The ending of Listen to Your Heart almost exactly mirrored the classic closing scene of The Graduate. A happy couple sprints out of a venue and excitedly boards a bus. Acoustic guitar music plays—this time it’s Bri and Chris singing “Can’t Help Falling in Love” for the billionth time instead of Simon and Garfunkel singing “The Sound of Silence.” The scene cuts to black as the bus pulls away, but neither the viewer nor the riders know where the bus and its couple are headed. 

Dumbest Move: Matt

The judges’ choice in the finale was made even easier by the fact that one of the final three couples didn’t show up. Upon arriving in Nashville, Matt decided to call things off with Rudi, explaining that he just wasn’t sure about the relationship and that he simply couldn’t fake the passion on stage. 

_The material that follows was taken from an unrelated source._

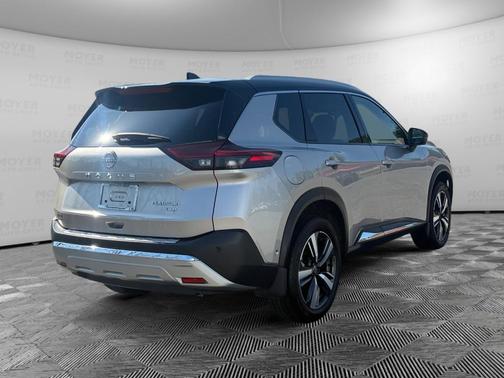 2 Tone Champagne Black Roof 2023 Nissan Rogue Platinum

Can we just all agree that of all the dumbasses on the show, nobody’s ass was dumber than Matt’s? Rudi seemed to be the most talented performer remaining, carrying Matt like Lady Gaga did Bradley Cooper. If Matt had just pretended to like Rudi for one more night, he could’ve won this show or at least come away from it looking good. Instead, he comes across as the unlikable jerk who spoiled a relationship for no good reason. And why? To preserve the integrity of a romance karaoke competition invented to fill airtime between actual seasons of The Bachelor and The Bachelorette? Maybe he was just super-worried about having to potentially go on tour with a person he wasn’t into? 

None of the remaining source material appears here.